— Exercise brief —
All lines from the opening of the data to the line containing "pair of blue" must be returned unchanged, and only those lines.

[Short text fragments from websites]
********************

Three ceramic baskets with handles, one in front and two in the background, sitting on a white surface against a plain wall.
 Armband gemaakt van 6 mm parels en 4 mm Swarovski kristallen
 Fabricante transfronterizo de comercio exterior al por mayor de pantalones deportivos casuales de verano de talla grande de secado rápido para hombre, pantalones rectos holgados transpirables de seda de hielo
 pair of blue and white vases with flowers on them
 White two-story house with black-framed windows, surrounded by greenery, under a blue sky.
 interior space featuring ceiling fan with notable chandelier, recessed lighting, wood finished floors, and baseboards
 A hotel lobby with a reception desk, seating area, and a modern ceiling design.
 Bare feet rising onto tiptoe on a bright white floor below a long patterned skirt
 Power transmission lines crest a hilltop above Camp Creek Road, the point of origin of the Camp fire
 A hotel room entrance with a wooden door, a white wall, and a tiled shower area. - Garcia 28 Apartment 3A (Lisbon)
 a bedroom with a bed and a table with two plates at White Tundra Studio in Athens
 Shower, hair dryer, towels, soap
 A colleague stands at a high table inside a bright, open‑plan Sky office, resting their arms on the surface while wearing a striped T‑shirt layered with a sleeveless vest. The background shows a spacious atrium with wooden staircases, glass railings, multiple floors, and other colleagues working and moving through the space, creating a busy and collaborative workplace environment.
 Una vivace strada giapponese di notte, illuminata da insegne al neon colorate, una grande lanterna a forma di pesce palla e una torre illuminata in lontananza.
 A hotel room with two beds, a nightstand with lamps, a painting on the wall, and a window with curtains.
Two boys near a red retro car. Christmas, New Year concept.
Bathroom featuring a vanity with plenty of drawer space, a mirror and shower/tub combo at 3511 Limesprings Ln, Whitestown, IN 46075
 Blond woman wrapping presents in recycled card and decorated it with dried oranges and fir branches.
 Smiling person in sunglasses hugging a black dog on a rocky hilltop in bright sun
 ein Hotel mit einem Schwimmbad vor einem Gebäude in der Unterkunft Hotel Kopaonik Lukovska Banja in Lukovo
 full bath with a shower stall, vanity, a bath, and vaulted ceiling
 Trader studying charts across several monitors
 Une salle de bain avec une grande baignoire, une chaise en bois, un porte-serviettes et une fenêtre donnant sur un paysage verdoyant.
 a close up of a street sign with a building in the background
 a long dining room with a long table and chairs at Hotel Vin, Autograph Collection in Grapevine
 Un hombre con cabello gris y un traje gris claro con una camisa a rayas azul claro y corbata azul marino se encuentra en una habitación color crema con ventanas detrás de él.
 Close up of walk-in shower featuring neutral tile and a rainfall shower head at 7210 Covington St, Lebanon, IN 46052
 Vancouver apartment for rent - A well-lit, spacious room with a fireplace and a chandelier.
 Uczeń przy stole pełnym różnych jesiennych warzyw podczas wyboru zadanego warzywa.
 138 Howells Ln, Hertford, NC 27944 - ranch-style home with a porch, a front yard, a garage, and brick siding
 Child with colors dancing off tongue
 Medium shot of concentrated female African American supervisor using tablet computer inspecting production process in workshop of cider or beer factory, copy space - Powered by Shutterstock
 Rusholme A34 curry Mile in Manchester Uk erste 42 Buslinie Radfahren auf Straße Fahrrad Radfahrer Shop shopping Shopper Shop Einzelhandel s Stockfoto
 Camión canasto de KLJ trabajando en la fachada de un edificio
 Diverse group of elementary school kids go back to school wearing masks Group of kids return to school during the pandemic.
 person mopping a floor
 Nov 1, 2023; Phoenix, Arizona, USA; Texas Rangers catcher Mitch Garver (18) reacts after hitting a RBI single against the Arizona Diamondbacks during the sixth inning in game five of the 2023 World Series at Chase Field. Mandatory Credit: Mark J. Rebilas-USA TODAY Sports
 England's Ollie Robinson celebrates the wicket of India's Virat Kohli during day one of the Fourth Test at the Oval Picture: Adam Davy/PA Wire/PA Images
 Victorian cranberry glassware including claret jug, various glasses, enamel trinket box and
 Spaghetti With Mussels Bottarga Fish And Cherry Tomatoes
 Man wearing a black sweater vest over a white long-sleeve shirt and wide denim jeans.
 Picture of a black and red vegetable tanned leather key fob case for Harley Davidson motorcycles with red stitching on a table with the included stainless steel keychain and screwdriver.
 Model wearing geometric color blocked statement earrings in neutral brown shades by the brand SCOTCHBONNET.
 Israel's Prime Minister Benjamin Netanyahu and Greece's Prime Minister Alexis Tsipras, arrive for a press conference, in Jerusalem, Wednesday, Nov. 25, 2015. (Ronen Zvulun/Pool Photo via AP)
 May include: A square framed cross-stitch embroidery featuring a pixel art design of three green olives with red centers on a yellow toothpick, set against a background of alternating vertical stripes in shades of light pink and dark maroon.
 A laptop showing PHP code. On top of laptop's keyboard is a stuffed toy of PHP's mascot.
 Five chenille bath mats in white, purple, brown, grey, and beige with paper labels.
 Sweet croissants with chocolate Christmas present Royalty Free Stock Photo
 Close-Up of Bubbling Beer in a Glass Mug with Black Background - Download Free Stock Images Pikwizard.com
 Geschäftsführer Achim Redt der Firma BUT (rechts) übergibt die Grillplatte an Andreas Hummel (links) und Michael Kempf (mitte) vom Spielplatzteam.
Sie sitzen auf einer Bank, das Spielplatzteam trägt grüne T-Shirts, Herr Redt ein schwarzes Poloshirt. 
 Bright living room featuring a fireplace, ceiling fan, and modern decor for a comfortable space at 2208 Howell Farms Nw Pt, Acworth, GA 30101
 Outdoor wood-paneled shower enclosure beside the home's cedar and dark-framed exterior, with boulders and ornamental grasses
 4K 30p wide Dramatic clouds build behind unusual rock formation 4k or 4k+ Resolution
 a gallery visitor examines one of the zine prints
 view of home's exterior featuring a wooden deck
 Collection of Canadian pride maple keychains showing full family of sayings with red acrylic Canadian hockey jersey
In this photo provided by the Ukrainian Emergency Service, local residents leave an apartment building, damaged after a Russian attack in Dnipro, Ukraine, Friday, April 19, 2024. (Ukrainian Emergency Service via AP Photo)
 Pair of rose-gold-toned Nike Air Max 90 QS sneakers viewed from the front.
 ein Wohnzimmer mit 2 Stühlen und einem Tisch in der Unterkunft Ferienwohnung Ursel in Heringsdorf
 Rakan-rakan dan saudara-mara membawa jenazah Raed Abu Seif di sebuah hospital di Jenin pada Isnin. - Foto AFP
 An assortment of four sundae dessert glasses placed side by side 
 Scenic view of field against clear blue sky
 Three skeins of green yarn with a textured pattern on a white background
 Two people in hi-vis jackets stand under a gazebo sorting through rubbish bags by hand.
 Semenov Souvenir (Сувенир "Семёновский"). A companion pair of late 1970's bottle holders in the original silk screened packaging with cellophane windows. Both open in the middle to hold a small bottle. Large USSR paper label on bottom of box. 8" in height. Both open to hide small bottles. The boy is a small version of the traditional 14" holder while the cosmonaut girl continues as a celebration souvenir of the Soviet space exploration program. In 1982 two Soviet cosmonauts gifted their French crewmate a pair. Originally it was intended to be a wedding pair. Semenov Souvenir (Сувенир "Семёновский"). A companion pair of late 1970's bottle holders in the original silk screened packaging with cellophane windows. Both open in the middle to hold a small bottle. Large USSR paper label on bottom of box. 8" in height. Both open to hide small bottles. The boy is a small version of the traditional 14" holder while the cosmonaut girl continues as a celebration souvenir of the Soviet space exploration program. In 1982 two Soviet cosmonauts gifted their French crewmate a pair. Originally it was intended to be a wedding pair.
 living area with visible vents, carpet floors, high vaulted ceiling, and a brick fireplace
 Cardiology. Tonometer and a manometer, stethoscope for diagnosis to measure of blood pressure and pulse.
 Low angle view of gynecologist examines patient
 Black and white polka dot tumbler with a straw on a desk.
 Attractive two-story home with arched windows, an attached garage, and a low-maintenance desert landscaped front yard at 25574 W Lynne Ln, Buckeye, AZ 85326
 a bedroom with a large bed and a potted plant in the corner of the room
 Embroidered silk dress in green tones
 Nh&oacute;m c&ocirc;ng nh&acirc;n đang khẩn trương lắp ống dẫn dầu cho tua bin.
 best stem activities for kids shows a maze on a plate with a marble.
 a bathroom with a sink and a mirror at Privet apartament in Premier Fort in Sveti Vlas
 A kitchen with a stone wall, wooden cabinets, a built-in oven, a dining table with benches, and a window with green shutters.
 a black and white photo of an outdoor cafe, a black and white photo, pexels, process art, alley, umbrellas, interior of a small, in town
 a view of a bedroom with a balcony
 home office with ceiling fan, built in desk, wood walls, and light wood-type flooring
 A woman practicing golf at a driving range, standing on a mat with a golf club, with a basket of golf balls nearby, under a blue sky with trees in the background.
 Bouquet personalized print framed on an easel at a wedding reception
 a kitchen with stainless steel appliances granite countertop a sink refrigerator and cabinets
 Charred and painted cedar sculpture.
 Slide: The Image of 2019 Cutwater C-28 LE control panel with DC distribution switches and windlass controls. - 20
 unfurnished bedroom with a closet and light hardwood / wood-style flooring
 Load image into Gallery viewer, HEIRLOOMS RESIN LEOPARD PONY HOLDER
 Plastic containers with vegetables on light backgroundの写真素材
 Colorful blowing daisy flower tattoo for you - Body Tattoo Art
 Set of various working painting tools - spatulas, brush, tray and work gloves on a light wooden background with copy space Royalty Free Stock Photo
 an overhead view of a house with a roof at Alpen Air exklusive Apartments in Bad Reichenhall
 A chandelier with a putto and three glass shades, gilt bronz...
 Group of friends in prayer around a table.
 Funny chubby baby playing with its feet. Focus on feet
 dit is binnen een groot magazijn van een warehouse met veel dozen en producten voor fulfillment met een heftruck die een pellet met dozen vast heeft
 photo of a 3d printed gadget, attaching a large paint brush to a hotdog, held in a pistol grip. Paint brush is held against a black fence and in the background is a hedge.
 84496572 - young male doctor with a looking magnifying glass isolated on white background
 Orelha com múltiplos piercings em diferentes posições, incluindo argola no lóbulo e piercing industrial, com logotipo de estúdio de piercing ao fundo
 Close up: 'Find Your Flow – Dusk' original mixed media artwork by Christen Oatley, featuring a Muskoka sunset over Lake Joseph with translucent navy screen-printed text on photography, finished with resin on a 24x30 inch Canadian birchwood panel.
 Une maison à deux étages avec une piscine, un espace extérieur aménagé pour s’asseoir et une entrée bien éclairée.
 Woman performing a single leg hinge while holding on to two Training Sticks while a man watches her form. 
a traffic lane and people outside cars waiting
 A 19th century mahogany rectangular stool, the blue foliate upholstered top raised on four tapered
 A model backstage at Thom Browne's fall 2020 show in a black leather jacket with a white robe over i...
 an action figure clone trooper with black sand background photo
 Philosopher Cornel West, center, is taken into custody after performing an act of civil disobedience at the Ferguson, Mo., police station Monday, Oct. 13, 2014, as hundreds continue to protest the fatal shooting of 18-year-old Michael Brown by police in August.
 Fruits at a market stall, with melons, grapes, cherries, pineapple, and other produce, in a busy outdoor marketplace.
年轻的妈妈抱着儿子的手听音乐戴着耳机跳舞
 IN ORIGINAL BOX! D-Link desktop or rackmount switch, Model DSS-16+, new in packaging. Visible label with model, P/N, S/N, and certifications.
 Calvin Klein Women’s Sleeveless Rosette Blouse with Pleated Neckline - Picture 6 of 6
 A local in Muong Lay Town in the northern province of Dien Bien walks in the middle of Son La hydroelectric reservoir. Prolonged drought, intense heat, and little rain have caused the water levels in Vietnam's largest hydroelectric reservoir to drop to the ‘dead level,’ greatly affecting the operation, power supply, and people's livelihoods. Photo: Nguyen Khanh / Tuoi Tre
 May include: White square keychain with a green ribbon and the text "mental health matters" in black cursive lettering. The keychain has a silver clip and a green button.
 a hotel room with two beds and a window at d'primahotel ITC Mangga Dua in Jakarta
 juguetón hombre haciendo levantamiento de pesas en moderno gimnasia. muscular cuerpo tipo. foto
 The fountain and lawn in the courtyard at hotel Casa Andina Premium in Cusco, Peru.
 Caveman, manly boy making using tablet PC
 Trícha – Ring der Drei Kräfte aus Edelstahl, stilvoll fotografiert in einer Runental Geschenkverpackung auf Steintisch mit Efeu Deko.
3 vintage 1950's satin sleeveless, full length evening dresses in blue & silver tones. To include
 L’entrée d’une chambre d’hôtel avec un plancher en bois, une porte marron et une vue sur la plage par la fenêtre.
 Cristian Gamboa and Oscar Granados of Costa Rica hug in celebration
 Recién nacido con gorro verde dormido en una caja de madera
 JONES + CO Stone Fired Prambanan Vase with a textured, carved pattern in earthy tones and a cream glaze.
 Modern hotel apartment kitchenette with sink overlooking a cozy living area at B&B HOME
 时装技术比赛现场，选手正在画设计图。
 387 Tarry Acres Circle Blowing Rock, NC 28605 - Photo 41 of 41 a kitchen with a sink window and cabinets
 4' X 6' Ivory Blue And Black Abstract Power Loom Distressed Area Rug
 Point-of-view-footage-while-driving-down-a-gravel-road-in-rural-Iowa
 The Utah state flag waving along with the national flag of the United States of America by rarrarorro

********************

— Exercise response —
Three ceramic baskets with handles, one in front and two in the background, sitting on a white surface against a plain wall.
 Armband gemaakt van 6 mm parels en 4 mm Swarovski kristallen
 Fabricante transfronterizo de comercio exterior al por mayor de pantalones deportivos casuales de verano de talla grande de secado rápido para hombre, pantalones rectos holgados transpirables de seda de hielo
 pair of blue and white vases with flowers on them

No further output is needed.